The company uses the devices to advise the employees on physical exercise and dietary habits.

NO OVERTIME

There are other companies that have implemented various kinds of measures to improve employees' health.

In March this year, Haruyama Holdings, a major men's clothing store chain based in Okayama, started paying an allowance in return for not clocking overtime work.

About 1,400 regular contract employees of the firm and its group company, Haruyama Trading, are covered by the scheme.

If an employee's overtime in a month is zero, a fixed amount of 15,000 yen (S$178) is paid to them.

The company has held lectures on coping with stress, in which mental training methods used by sports athletes are introduced. It aims to support employees' efforts to stay in good condition both physically and mentally.

WORKOUT WHILE WORKING

There are many cases in which company employees do not have time to do physical exercise because they are so busy. Itoki Corp, an Osaka-based company that sells mainly office equipment, introduced ways for its employees to do exercise during the workday.

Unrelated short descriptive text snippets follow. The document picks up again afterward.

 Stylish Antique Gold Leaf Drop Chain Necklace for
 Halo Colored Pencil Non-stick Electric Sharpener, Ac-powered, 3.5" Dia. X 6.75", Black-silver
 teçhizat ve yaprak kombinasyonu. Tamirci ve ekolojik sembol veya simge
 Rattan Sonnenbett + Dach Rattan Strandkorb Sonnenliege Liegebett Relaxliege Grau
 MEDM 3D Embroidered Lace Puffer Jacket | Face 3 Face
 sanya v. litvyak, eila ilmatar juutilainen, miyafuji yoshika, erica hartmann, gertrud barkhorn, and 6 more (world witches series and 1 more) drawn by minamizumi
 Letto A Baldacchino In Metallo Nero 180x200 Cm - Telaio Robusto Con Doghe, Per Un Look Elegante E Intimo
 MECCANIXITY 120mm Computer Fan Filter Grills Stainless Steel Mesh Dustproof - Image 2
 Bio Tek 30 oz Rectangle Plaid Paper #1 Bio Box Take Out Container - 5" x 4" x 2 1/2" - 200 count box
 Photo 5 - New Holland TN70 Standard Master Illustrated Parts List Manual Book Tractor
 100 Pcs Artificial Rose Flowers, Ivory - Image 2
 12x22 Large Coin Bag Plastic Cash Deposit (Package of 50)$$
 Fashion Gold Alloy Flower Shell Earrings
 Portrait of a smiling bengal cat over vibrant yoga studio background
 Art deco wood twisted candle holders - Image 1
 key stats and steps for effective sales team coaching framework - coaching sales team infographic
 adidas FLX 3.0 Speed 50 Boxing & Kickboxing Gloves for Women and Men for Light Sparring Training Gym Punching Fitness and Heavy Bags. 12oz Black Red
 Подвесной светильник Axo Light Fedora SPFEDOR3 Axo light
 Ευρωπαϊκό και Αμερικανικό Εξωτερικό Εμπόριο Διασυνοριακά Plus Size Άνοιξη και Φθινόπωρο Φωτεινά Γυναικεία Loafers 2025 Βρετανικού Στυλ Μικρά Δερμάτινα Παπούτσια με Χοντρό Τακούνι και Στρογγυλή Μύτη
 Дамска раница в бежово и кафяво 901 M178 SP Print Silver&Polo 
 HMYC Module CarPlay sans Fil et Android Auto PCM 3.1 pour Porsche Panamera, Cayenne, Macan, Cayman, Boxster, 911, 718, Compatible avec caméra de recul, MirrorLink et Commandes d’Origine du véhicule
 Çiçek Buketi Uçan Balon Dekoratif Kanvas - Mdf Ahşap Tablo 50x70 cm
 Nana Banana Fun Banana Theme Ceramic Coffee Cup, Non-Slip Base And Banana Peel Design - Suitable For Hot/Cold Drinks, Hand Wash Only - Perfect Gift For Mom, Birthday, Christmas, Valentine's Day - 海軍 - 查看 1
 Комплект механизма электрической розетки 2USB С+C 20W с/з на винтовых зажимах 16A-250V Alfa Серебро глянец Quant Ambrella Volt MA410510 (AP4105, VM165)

For example, desks whose heights can be changed were placed in areas where many staff members have sedentary jobs so that they can work while standing.

On hallway floors, markings indicate longer-than-usual stride lengths. By walking with longer strides, employees can increase their volume of physical activity. At "stretch points", employees place their hands or feet on markings on the walls and floors, allowing them to stretch their legs and backs.

Tokyo-based Fujikura has even set up monkey bars inside its office. When workers hang from the bars, their bodies get a good stretch.

Meanwhile, Daiwa Securities Group in Tokyo began a points system in November last year (2016) for employees who have made efforts to improve their health, such as walking, quitting smoking or having breakfast every day. Employees are awarded points for their efforts, which can be exchanged for gifts such as products that aid sleep.